Mason has been vague in public statements about its plan for the Telus shares. The firm has said that it might choose to stick around as a longer-term Telus shareholder. Jonathan Gasthalter, a spokesman for Mason, declined to comment Tuesday.
Any foreign telecom company that buys the Mason stock might have to wait some time to get its hands on more of Vancouver-based Telus. The news that Mason is interested in selling comes as federal Industry Minister Christian Paradis said liberalization of ownership rules on Canada’s largest telecom companies will not happen any time soon.

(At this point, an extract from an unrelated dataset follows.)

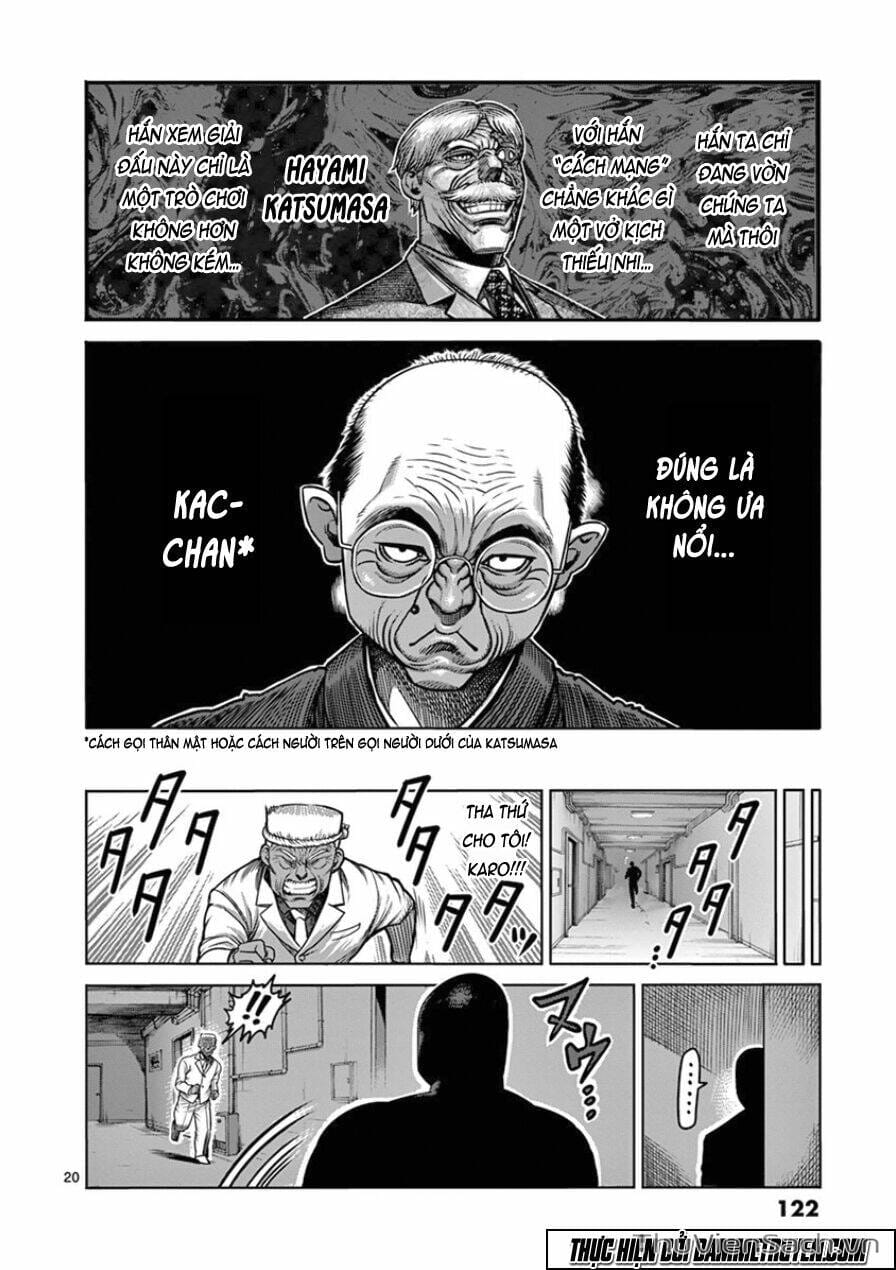 Truyện Tranh Tokita Ouma - Đấu Sĩ Atula trang 3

“We will need to hold public hearings and this is not in the cards for now,” he said on Tuesday.
New York-based Mason accumulated the block of Telus voting stock as part of a strategy to profit from opposing Telus’s planned collapse of its dual-share structure on a one-for-one basis.
After successfully blocking the Telus plan last month, it was not clear what Mason would do next. Buying up almost one-fifth of one class of shares in a company is hard enough on the sly; disposing of that much stock in the open market is even more difficult. Finding a taker for the whole block could solve that problem, and a buyer eyeing a takeover of all of Telus down the road might be willing to pay top dollar.

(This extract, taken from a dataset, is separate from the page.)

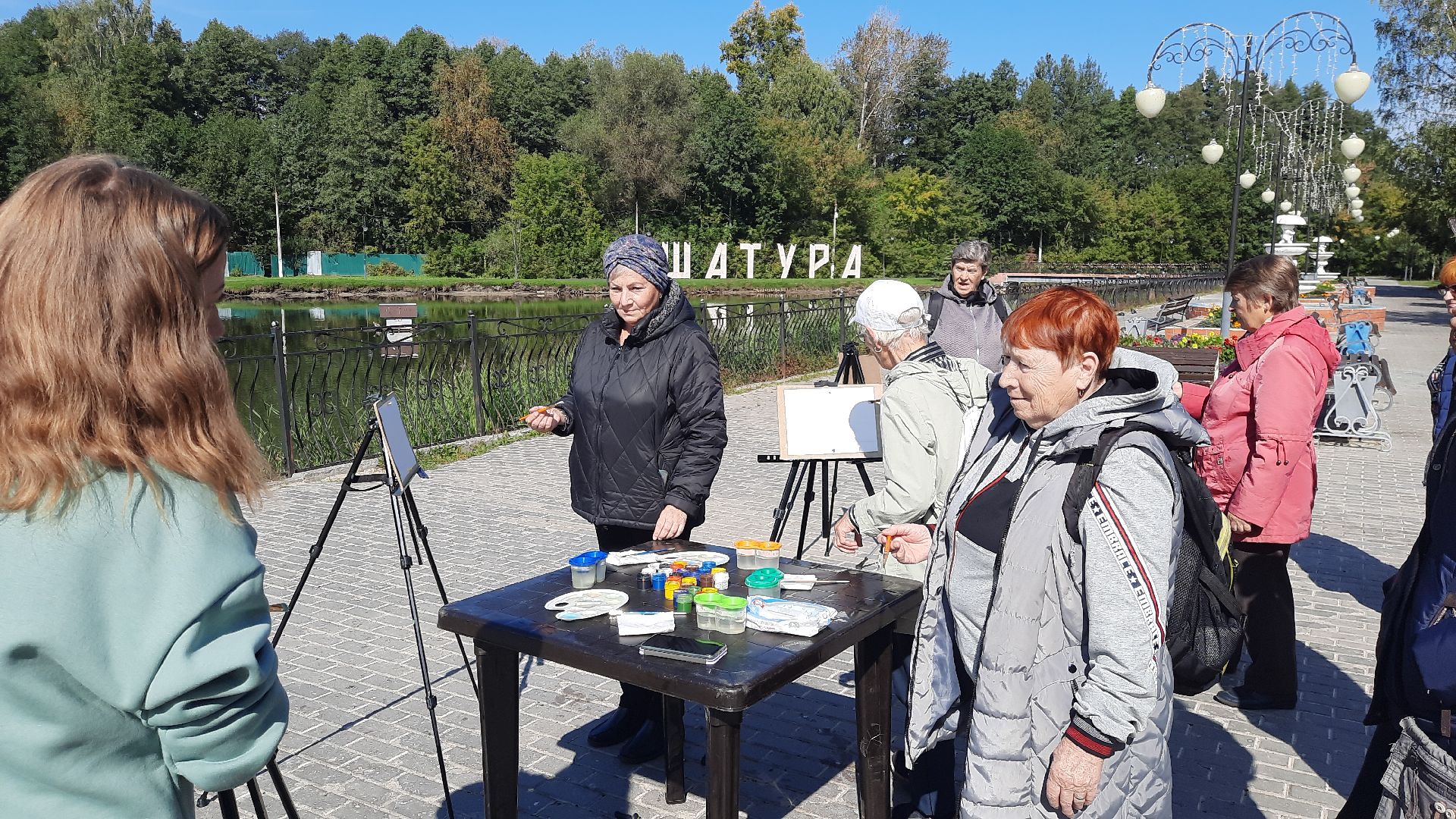 Правополушарное рисование, шатура, парк, активное долголетие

Telus is an advocate of lowering the restrictions on foreign ownership, with chief financial officer Robert McFarlane saying at a telecom summit on Tuesday that Canada should be “liberalizing foreign ownership restrictions for all carriers regardless of size.”

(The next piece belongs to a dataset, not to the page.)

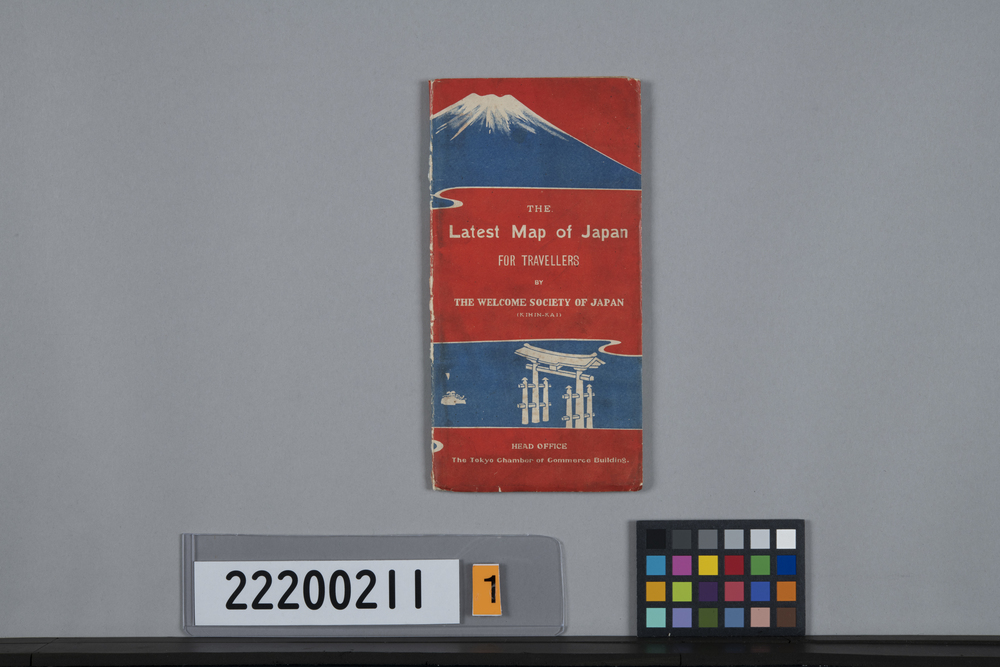 THE Latest Map of Japan FOR TRAVELLERS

Buying the almost 33 million voting shares held by Mason would not necessarily give a would-be acquirer as big a head start on a Telus purchase as it might appear. Telus’s dual-class structure is designed to collapse automatically, with non-voting stock becoming voting stock on a one-for-one basis, should foreign-ownership limits be eliminated. That would dilute the influence of the Mason stock significantly.
The dual-class share structure that Mason fought to preserve is a relic of a time when Telus was owned in part by a large foreign phone company. New York-based Verizon Communications owned a large chunk of Telus and the non-voting shares were created in 1999 to deal with that.
Earlier this year, Telus wanted to eliminate the structure by converting all non-voting shares into voting shares on a one-for-one basis. Most Telus shareholders, aside from Mason, supported the plan. However Mason’s stake was big enough to raise the threat of the proposal failing, and Telus backed down on May 9.
“Regardless of what Mason Capital chooses to do with their holdings, Telus remains committed to achieving a 1:1 conversion of our non-voting shares in due course,” Telus spokesman Shawn Hall said in an e-mail.
The fight over Telus’s proposed share-class collapse raised questions about so-called “empty voting,” because Mason had hedged its position so its exposure to the ups and downs of Telus’s stock price was much less than its stake in the voting shares would suggest. Regulators are examining the issue.